I think it would be design fault. The article says that the integrated VRM is the culprit. What is quite interesting is that due to the faulty VRM's, the Ultrabooks and ultraportables will still suck a lot, making Ultrabooks not better much. Which will directly impact prestige of Intel, and question its market leadership.

truegenius · Apr 2, 2013

not without access to confidential engineering information

there are many books regarding 8085/8086.......etc cpu (old) arch 😛

Anyhow the take away from all this is to stop using the word "IPC". You can simply say processing efficiency, or single core capacity.

Performance Per Clock sounds better and sounds same as instruction per clock

Also do not use clock as a measurement of anything involving two different CPU designs.
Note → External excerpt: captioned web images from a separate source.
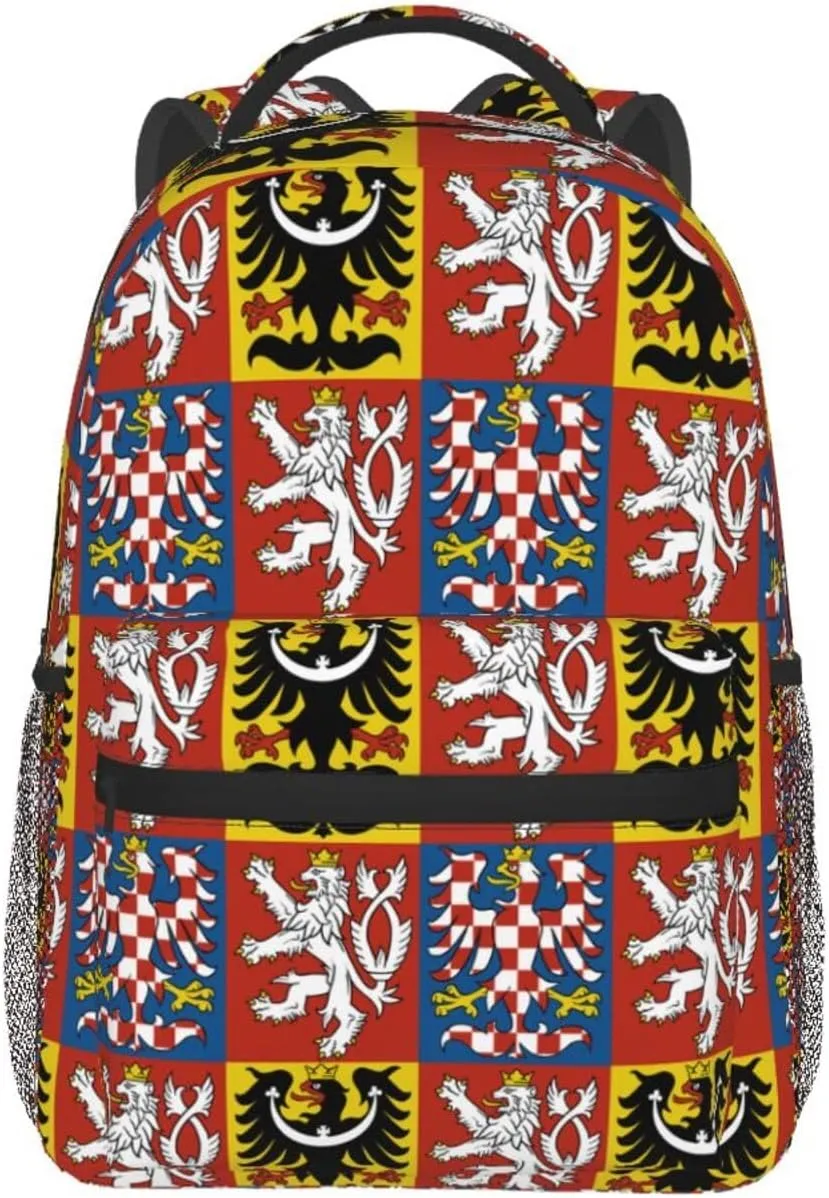 Czech Republic Coat of Arms Backpack Casual Laptop Backpack Double Shoulder Bag Lightweight Backpack For Women Men Travel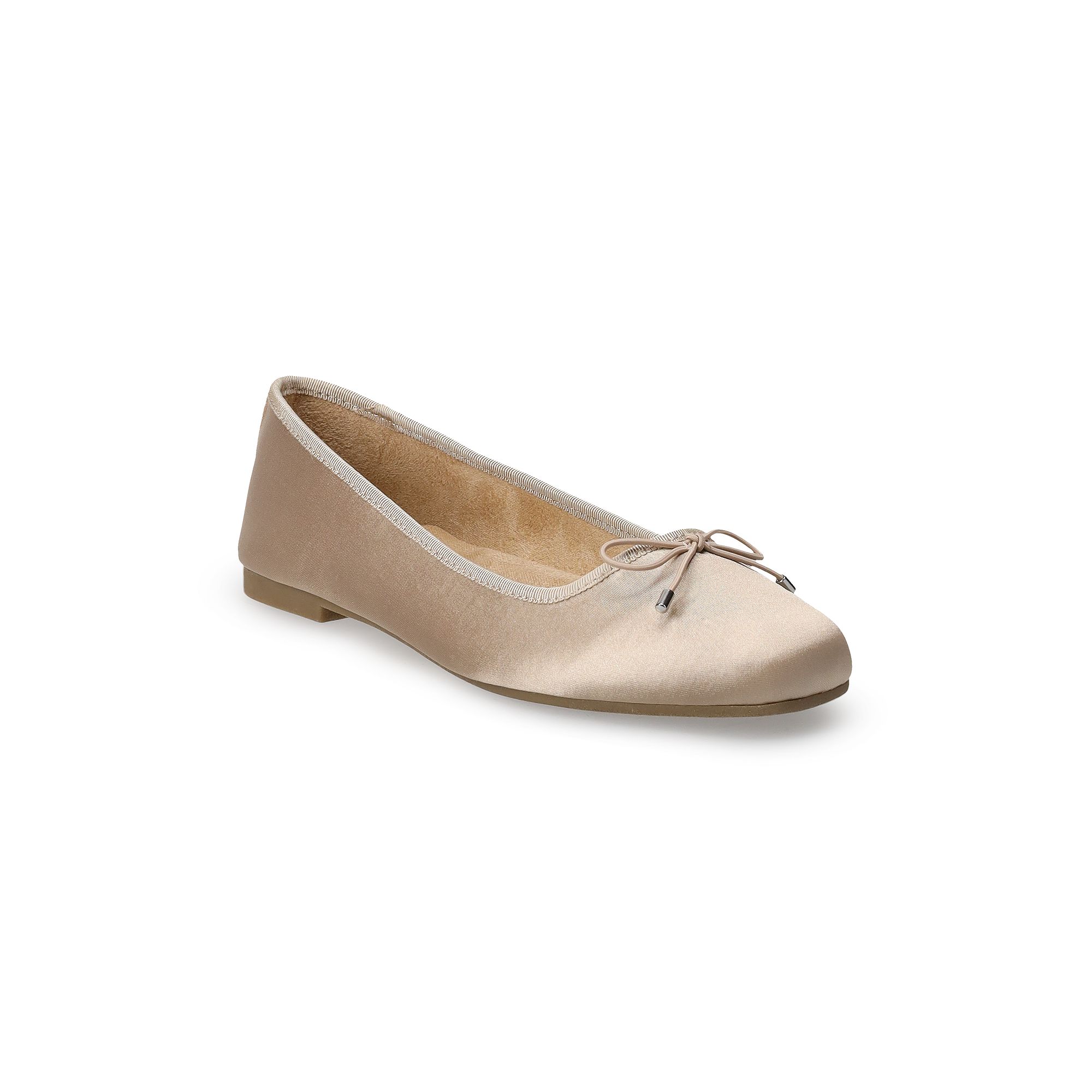 SO® Lailaa Womens Square Toe Ballet Flats, Size: 6, Beige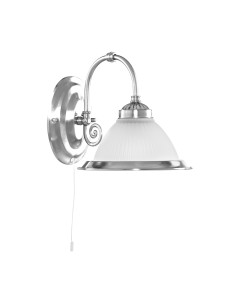 Searchlight® I Аплик American Diner - сатенено сребрист метал и киселинно стъкло I 1 x E27 - 1041-1 - Цена | LEDs4economy 2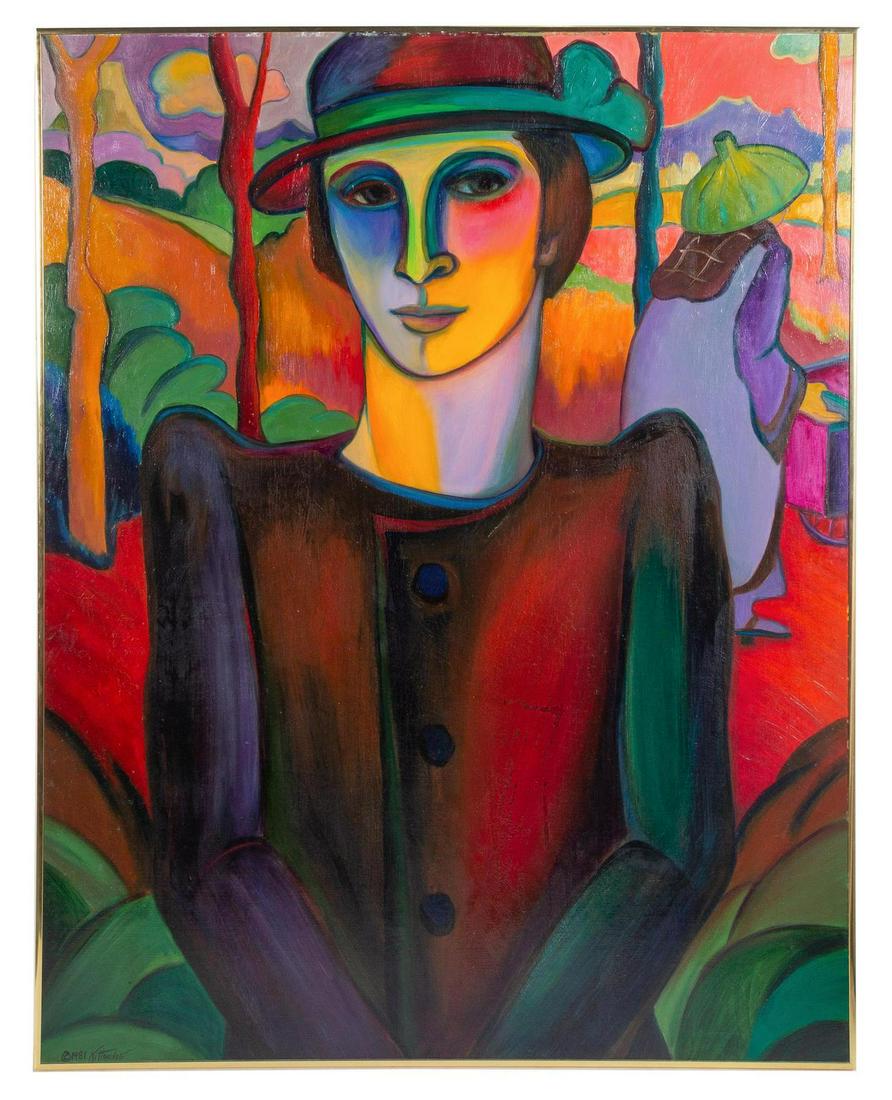 Nancy Kittredge (20th century) American Woman in the: Nancy Kittredge (20th century) American Woman in the Orient, 1981 oil on canvas signed (lower left) 47 x 37 inches. Provenance: John Douglas Cline Gallery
PPC per ghz i.e, PPCPG would be better in compairing performance of different arch
(PPCPG = PPC/clock speed) (a term coined by me 😛 no need to thank me 😛 )
it will be like dimps in arm's arch comparision to give a general idea of what kind of performance difference we can expect at same speed and core count
example : 3.5 for arm cortex-a15, 3.3 for qualcomm krait, 2.5 for cortex-a9 etc
then we only need to multiply this PPCPG with clock speed and core counts to have full capacity of a cpu

The two best metrics are per cost and per energy used as they describe what the user / integrator is paying for that capacity.

PPC per watt
i.e, PPCPW (another term coined by truegenius 😀 no need to thank me again 😛)

Another thing is if they are able to create
a APU that has cores on par with an i5 2500K and strap on decent
graphics at a better price point, They would have a hot seller.

it is too much of an expactation
there is no way that steamy can match sb performance
if steamy can match nehalem in PPCPG (performance per ghz) for equal number of threads then steamy will rock

i expect performance (PPCPG) in range of wolfdale to nehalem

JAYDEEJOHN · Apr 2, 2013

You sound like the old K8 system metric

gamerk316 · Apr 2, 2013

8350rocks :

Are we talking "per core", or cumulative performance? This matters.

If you have a 4 core chip with 32 IPC [total], you get 8 IPC per core.
If you have a 8 core chip with 44 IPC [total], you get 5.5 IPC per core.

If both are clocked at the same speed, the 4-core chip would be faster until 6 or more cores were being used, as its higher IPC per core would pull it ahead performance wise.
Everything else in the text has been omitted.